Monday, December 20, 2004

I have visited a strange place

This most recent saturday, Rachel and I took a bit of a muddy stroll down the Thames to visit St. Mary's of Iffley. Our trusty National Trails Guide to the Thames path had informed is that we were on our way to a "superb Norman church...richly deorated in Romanesque style with fantastic beasts and zigzag stonework in and out." After our visit, we would learn that this is a common approach to describing the place-- see the website for the Church. These description completely miss the point, as far as I'm concerned.

The first thing that stuck us about the Church was that we were fairly sure that we'd failed to find it. Following the direction in the Thames Trail guide book led us up to a smallish looking, yellowish looking building. There was no notable zigzagging or fantastic beasting in sight. This kind of thing happens a lot when one follows the National Trails Guide to the Thames path, as the Guide contains directions such as (P. 30) "When you see, opposite, a big house if Cotswold Stone, take the path bearing right across the meadow." So: a lot of our muddy little walks are spent trying to figure out what is meant by "big" and "path" and "opposite" and such, and often we end up just walking to the river and going south until things look familiar.

Trusting in the guide for a bit, we walked up towards the front of the Church. If it seems odd to you that the front of the Church is as far as possible from the entrance to the church yard, then you and I think along similar lines. When we reached the front door, we saw the zigzags and knew that we were in the right place. Here's a little photo we snapped of the door:




Zigzags appeared present, and the door certainly looked unusual. We assumed that we'd found the right place. Then we looked more closely at the door, and started to think that the descriptions of the place had missed something out by a bit. To wit: the creepiness. For instance, the zigzags on the door are not merely geometric patterns. Rather, they are a constituted of bird beaks attached in unpredictable ways to either bird heads, human heads, or nothing at all. The detail of the door edge looks like this:



The other door that we found also seemed odd, if nothing else than the unusual prevalence of death and violence in the little carvings surrounding it. Having examined the doors and snapped some pictures, we headed inside.

The inside of the Church appeared empty. I say "appeared" because it turned out that one of the local lads has presumably had a very exciting friday night, and was passed out in one of the pews. Our talk and picture taking didn't seem to distrurb him, so we shuffled about some more. The inside didn't have as much creepyness as the outer door-- there were some assorted little goblin looking creatures about, but most of the stonework bore pleasantly featureless zigzagging. The main exception to this was that over the altar type area, the figure of a dragon sloughing off its skin is inscribed. To me this seems a bit unusual as Christian iconography goes. It is highly likely that this is because I am ignorant, but it still seemed creepy.
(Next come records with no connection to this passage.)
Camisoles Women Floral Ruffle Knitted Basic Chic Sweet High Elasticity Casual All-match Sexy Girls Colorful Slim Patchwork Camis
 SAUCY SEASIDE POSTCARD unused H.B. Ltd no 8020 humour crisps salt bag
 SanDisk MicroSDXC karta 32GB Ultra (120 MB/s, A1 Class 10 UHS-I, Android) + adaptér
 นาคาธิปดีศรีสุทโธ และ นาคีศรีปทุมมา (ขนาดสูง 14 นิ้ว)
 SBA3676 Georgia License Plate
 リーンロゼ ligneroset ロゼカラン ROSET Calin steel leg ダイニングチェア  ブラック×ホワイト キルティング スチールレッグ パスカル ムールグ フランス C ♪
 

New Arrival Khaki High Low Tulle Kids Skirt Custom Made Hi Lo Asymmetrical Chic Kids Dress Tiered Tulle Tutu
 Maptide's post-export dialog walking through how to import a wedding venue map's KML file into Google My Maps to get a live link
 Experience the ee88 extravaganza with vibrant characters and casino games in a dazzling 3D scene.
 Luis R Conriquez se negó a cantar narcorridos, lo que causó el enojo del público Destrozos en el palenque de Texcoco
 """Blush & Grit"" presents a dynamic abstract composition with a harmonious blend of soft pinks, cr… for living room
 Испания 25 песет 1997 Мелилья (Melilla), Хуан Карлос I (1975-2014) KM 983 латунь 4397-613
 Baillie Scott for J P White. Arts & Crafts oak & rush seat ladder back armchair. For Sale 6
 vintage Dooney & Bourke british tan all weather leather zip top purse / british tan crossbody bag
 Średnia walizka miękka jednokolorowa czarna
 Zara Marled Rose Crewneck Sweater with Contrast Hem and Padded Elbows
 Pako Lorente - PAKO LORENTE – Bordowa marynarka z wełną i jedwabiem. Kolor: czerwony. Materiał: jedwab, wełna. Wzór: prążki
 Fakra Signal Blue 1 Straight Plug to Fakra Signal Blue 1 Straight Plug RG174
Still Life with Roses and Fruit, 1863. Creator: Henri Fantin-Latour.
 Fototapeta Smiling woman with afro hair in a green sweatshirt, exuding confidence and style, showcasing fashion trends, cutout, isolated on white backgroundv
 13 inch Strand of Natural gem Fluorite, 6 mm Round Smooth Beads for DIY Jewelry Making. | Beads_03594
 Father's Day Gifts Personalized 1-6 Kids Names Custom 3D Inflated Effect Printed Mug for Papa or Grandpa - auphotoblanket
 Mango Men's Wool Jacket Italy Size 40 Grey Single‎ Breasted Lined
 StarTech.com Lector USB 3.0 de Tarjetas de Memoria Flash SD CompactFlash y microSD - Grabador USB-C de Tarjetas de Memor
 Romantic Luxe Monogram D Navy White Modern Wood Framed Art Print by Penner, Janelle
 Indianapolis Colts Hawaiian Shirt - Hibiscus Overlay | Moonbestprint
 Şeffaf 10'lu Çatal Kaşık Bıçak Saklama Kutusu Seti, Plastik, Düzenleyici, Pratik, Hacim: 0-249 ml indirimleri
Returning outside to check that we hadn't missed and photos, we noticed something odd about the grotesques along the top of the building. They appear to be sending the church up. The one that caught our attention first was this:



That's a flying angel cow, bearing a banner that reads "Luke". Other popular apostles had their own animals-- or at least Mark and John did, Matthew's name presumably requiring too much carving to write. All seemed a bit derisory to us. And then there was this:



Initially this didn't seem too odd, but then I started to wonder: is that person crying? Laughing? What are the theological implications of this? Please comment if you have any ideas about resolving this question.

On returning home and checking the internets for information about the place, I found one literary excerpt about St. Mary's Iffley. It was written by Keith Douglas four years before he was killed at Normandy in 1944:

What sudden fearful fate
can deter my shade wandering next year
from a return? Whistle and I will hear
and come another evening, when this boat
travels with you alone towards Iffley
as you lie looking up for thunder again
this cool touch does not betoken rain
it is my spirit that kisses your mouth lightly.
There are strange places in this world, and Rachel and I visited one of them on Saturday.